Efficiently ordering by the number of matched columns in Postgres?-CodePudding

I have a denormalized table where each column is a tag associated with an object. E.g. this post could have the tags "postgres", "indexing", and "similarity". The table looks something like:

| id | col1     | col2     | col3       |
| 1  | postgres | indexing | similarity |
| 2  | postgres | foo      | bar        |
| 3  | foo      | bar      | baz        |

If I wanted to find the post most similar to this one, I could do something like:

select *
from mytable
order by (col1 = 'postgres' or col2 = 'postgres' or col3 = 'postgres')::int
    (col1 = 'indexing' or col2 = 'indexing' or col3 = 'indexing')::int
    (col1 = 'similarity' or col2 = 'similarity' or col3 = 'similarity')::int desc
limit 10;

However, as far as I know, this can't use any indexes for sorting; it has to do a table scan. When I ran it on a similar table with every column indexed, I got this:

Limit  (cost=35124.06..35125.23 rows=10 width=21) (actual time=204.323..206.350 rows=10 loops=1)
  ->  Gather Merge  (cost=35124.06..132353.15 rows=833334 width=21) (actual time=204.322..206.344 rows=10 loops=1)
        Workers Planned: 2
        Workers Launched: 2
        ->  Sort  (cost=34124.04..35165.70 rows=416667 width=21) (actual time=194.794..194.795 rows=10 loops=3)
              Sort Key: ((((((col1 = 'aa'::text) OR (col2 = 'aa'::text) OR (col3 = 'aa'::text)))::integer   (((col1 = 'bb'::text) OR (col2 = 'bb'::text) OR (col3 = 'bb'::text)))::integer)   (((col1 = 'cc'::text) OR (col2 = 'cc'::text) OR (col3 = 'cc'::text)))::integer)) DESC
              Sort Method: top-N heapsort  Memory: 25kB
              Worker 0:  Sort Method: top-N heapsort  Memory: 25kB
              Worker 1:  Sort Method: top-N heapsort  Memory: 25kB
              ->  Parallel Seq Scan on "__testTags__"  (cost=0.00..25120.01 rows=416667 width=21) (actual time=0.016..145.436 rows=333333 loops=3)
Planning Time: 0.139 ms
Execution Time: 206.371 ms

Is there a way to order by the number of matching columns more efficiently? I looked into using a vector embedding, but Postgres doesn't have any good vector or nearest-neighbor support. Also, fulltext search doesn't seem to support ranking by the number of matches.

The only solution I can think of is doing 4 separate queries: get rows with 3 matches, then rows with 2 matches, then rows with 1 match, then rows with no matches. This is much faster than the query above. However, if I want to add more columns, the query will get really complicated.

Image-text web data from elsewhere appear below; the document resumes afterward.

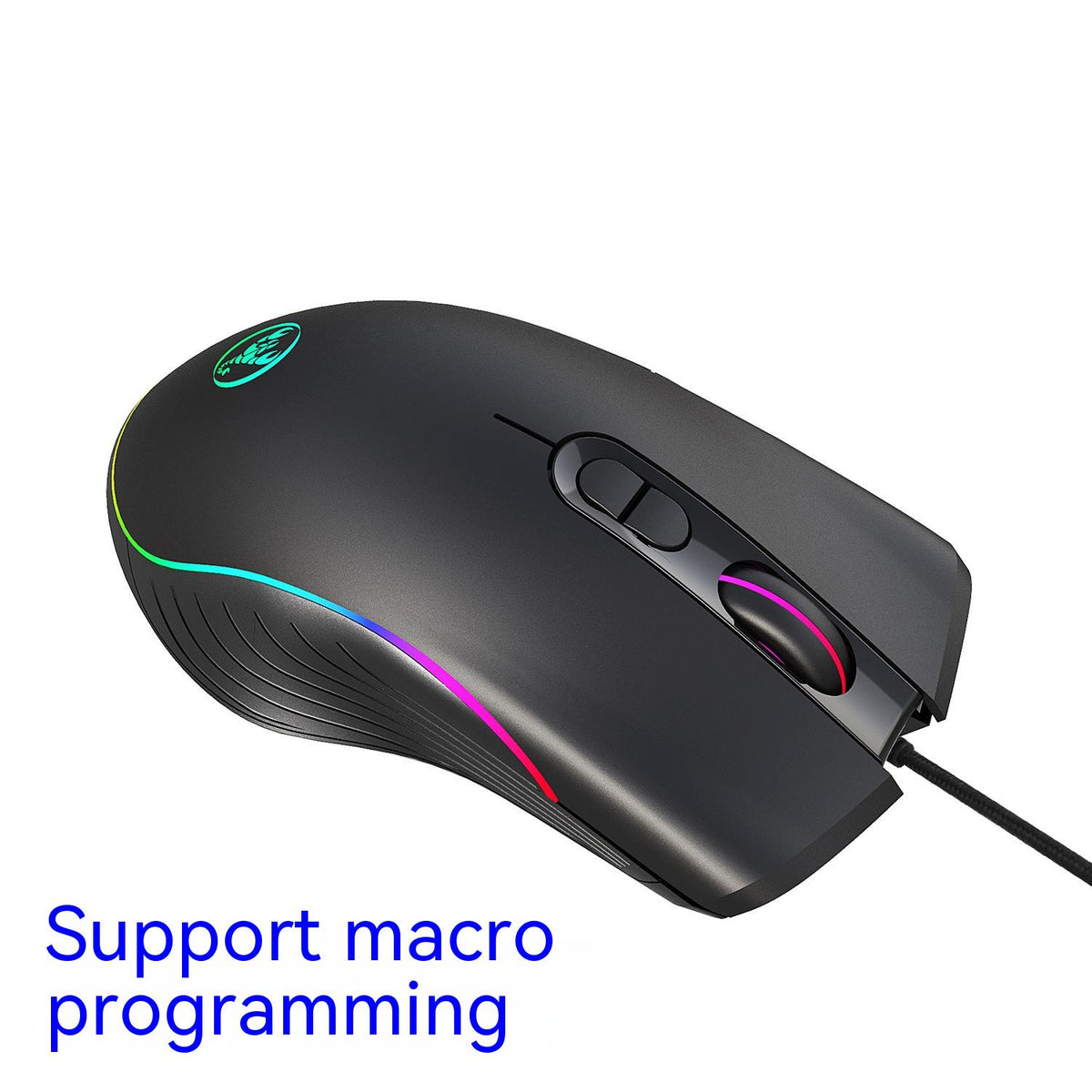 Wired RGB Gaming Mouse with Macro Programming, Glowing Optical Mouse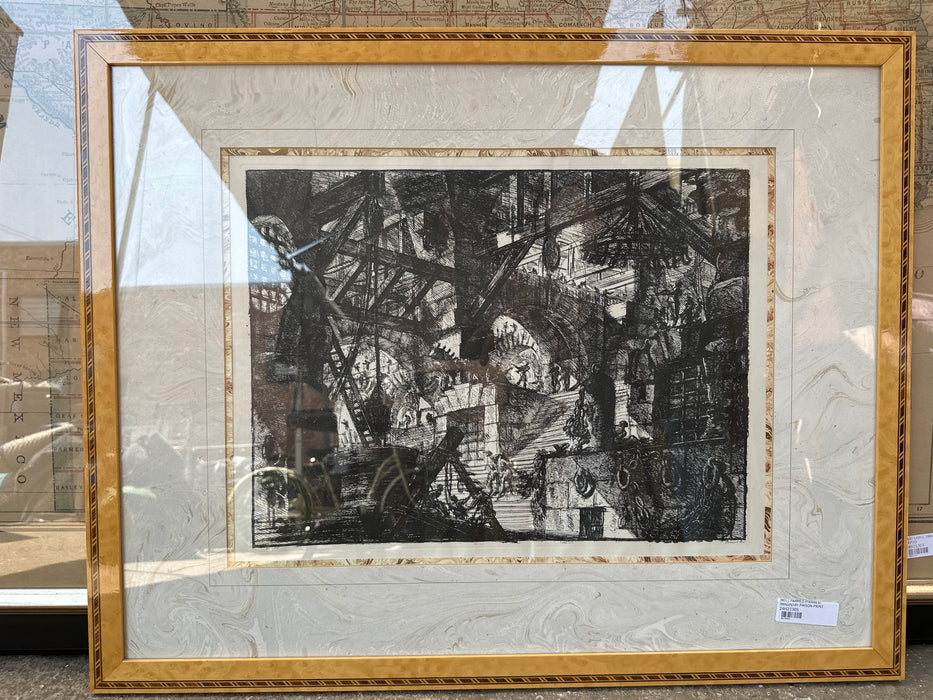 WELL FRAMED PIRANESI IMAGINARY PRISON PRINT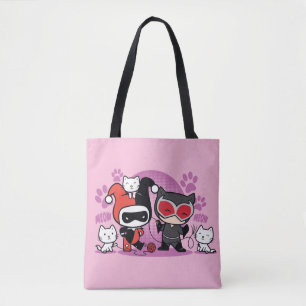 Chibi Harley Quinn & Chibi Catwoman mit Katzen Tasche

CodePudding user response：

It is possible to use an index for your purpose which relies on an array type :

CREATE INDEX IF NOT EXISTS col_index ON mytable USING gin ((array[col1,col2,col3]) array_ops) ;

Then, the following query can use the index col_index for filtering the rows where one or several colomns match the search criteria and then calculate the number of exact matching :

SELECT m.match_count, t.*
  FROM mytable AS t
 CROSS JOIN LATERAL
     ( SELECT count(*) AS match_count
         FROM unnest(array['postgres', 'indexing', 'similarity']) WITH ORDINALITY AS a(arr, id)
        WHERE (array[t.col1, t.col2, t.col3])[a.id] = a.arr
     ) AS m
 WHERE array[t.col1, t.col2, t.col3] && array['postgres', 'indexing', 'similarity']

see the test result in dbfiddle.

CodePudding user response：

Use a simple inverted index: Create and maintain (probably using triggers - an exercise for the reader), a table that stores the tag and the id of the source data, eg:

create table tag_mytable (
    tag text not null,
    mytable_id int not null references mytable,
    primary key (tag, mytable_id)
)

You can then very efficiently find mytable row tag hit count:

with hits as (
    select mytable_id
    from tag_mytable
    where tag = $1
    union all
    select mytable_id
    from tag_mytable
    where tag = $2
    union all
    select mytable_id
    from tag_mytable
    where tag = $3
), hits_total as (
    select mytable_id, count(*) as tag_hits
    from hits
    group by 1
)
select t.*
from mytable t
left join hits_total h on h.mytable_id = t.mytable_id
order by h.tag_hits

This has the added advantage of assigning a hit count of zero to rows without any hits (presumably most of them) without having to compare their data.

Consider bypassing storing the tags in mytable and instead store them only in this new table, which eliminates the need for triggers etc, and allows any number of tags per mytable (albeit with a minor tweak to the query).